### WORK TO BE COMPLETED
Among the entries below, take the line with "general : Foerster, major general" and the line with "Renault Scénic IV", and output them and every line between them exactly, with nothing else.

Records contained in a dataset

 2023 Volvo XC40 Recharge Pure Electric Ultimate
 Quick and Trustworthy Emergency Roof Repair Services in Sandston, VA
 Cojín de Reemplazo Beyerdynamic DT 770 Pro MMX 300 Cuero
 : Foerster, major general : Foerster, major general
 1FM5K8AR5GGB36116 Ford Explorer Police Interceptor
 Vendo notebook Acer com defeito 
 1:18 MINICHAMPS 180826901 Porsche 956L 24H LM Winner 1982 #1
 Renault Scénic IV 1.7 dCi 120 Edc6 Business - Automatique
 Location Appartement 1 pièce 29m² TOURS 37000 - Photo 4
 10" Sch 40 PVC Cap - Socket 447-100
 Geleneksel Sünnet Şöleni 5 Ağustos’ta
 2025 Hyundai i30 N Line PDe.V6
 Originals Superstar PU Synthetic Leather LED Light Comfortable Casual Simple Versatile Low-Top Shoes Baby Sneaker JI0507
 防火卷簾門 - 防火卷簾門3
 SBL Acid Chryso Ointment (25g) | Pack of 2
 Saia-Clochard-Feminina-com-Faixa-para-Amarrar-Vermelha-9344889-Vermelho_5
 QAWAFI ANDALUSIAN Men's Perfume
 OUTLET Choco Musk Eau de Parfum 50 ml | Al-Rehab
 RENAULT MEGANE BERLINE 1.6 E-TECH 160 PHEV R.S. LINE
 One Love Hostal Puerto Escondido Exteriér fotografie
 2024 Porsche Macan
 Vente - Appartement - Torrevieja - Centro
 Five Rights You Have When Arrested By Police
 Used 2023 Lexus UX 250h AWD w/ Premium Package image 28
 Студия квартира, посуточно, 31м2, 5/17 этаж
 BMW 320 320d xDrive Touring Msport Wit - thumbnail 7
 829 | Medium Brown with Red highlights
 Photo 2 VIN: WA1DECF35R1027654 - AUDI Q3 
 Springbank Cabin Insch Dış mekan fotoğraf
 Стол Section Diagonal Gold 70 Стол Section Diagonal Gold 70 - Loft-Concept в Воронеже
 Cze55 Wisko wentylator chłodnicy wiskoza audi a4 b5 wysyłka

### OUTPUT FOR THIS TASK
 : Foerster, major general : Foerster, major general
 1FM5K8AR5GGB36116 Ford Explorer Police Interceptor
 Vendo notebook Acer com defeito 
 1:18 MINICHAMPS 180826901 Porsche 956L 24H LM Winner 1982 #1
 Renault Scénic IV 1.7 dCi 120 Edc6 Business - Automatique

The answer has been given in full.